Start of Exercise data
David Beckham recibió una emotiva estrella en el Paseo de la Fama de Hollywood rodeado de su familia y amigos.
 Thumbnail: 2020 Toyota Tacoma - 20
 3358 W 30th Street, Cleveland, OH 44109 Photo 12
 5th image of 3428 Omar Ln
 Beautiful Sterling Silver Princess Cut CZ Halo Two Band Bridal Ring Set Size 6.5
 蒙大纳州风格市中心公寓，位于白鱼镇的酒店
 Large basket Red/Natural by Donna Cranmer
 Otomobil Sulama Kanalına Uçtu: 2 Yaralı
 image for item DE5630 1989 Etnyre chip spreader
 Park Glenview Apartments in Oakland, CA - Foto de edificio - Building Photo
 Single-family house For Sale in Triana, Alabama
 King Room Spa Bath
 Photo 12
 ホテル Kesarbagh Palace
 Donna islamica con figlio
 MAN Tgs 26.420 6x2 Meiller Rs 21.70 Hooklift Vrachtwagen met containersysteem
End of Exercise data
- What you need to do
Reproduce each record shown above without altering a single word.

- Problem solution
David Beckham recibió una emotiva estrella en el Paseo de la Fama de Hollywood rodeado de su familia y amigos.
 Thumbnail: 2020 Toyota Tacoma - 20
 3358 W 30th Street, Cleveland, OH 44109 Photo 12
 5th image of 3428 Omar Ln
 Beautiful Sterling Silver Princess Cut CZ Halo Two Band Bridal Ring Set Size 6.5
 蒙大纳州风格市中心公寓，位于白鱼镇的酒店
 Large basket Red/Natural by Donna Cranmer
 Otomobil Sulama Kanalına Uçtu: 2 Yaralı
 image for item DE5630 1989 Etnyre chip spreader
 Park Glenview Apartments in Oakland, CA - Foto de edificio - Building Photo
 Single-family house For Sale in Triana, Alabama
 King Room Spa Bath
 Photo 12
 ホテル Kesarbagh Palace
 Donna islamica con figlio
 MAN Tgs 26.420 6x2 Meiller Rs 21.70 Hooklift Vrachtwagen met containersysteem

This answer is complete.